東芝の海外スマホ事業撤退は「Windows Mobile OS搭載」にこだわり続けたからか

文●山根康宏

2018年02月25日 12時00分

 G910/G920は閉じたときにも背面で電話の着信操作ができるボタンを備え、時計や着信相手を表示する小型ディスプレーも搭載。ノキアのCommunicatorシリーズライクな使い勝手も提供しました。本体のデザインもスタイリッシュであり、日本に投入されなかったのは残念でした。

 続けて登場した「Portege G810」はタッチパネルだけのモデル。ディスプレーは3型240x320ドット。東芝初のキーボード無しスマートフォンとなりましたが、これは2007年に登場したiPhoneを意識したのかもしれません。これで東芝は「縦スライド」「横スライド」「横開き」「縦キーボード」「タッチパネル」と5つの形状バリエーションまで製品ポートフォリオを広げていきます。あらゆるユーザーをカバーできる反面、どの形状が消費者に最も受けるのか、開発側も悩んでいたのかもしれません。

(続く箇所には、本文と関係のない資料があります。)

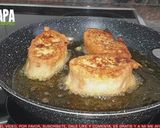 A picture of step 8 of Traditional Homemade Torrijas.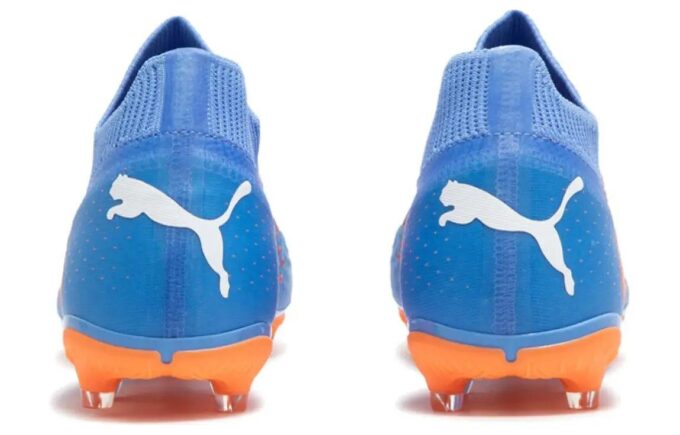 Future Match FG AG «Paquete Supercarga – Azul Brillante»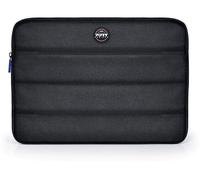 Port Designs Portland High Protection Laptop Case 15.6 Inches Black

Portege G810は初のキーボードレス端末となった

Windows Mobileと共に海外事業も終焉へ

 2009年に投入した「TG01」は、日本でもドコモ、ソフトバンクから同系機が発売されました。このモデルからPortegeブランドははずされます。4.1型の大型ディスプレーを搭載したタッチパネル端末であり、iPhoneや他社のAndroid機に対抗できるWindows Mobile機ということから、モデル名も新しいものにしたのでしょう。

 2010年にはTG01にフロントカメラを搭載するなどスペックを強化した「TG02」を投入。またTG02にスライド式キーボードを搭載した「K01」も発売となります。このK01は日本でKDDIから「dynapocket IS02」として登場しています。TG01でフルタッチ端末に統一したものの、Windows MobileユーザーからはQWERTYキーボード復活の声が高かったのかもしれません。

大画面モデルを改良したTG02

 このころリークされたロードマップでは、さらにLシリーズと言う製品も予定されていたようです。しかし2つの製品が「TG」「L」と型番に統一性が無く、生まれ変わった東芝のスマートフォンを消費者にどこまでアピールできたかは疑問です。TGの「T」は東芝の頭文字でしょうが、ならばKシリーズも「TK」とすべきだったかも、と思えてしまうのです。

 2010年に入るとWindows MobileではAndroidには勝てないと判断したのか、スマートフォンの投入は終了してしまいました。そして初のAndroid OSを搭載したタブレット「Thrive」を発売しますが、ディスプレーサイズが10.1型であることを考えると、もはやモバイル端末とは言えない製品でした。

Android端末を出すもののスマートフォンではなくタブレットだった

 2011年には日本でWindows Phone「IS12T」を投入し、マイクロソフトの新しいOSに日本メーカーとしていち早く対応します。しかし当初からキャリア売りを考えた製品であり、海外で販売されることはありませんでした。東芝のWindows Mobileスマートフォンは海外と日本で同じモデルを投入し、グローバルで展開していましたが、せっかくのAndroid搭載機ですらもはや海外市場に出ていくだけの体力が東芝には残っていなかったのでしょう。

 その後富士通に携帯電話事業を売却し、市場から撤退したのは本連載の前回で書いた通り。スマートフォン投入初期は意欲的な製品を次々と出したものの、Windows Mobile OSの採用を続けたことが残念な結果を招いてしまったのかもしれません。海外でも東芝のノートPCはまだ強いブランド力を持っていますから、日本では見られない海外向けのスマートフォンをぜひまた出してほしいものです。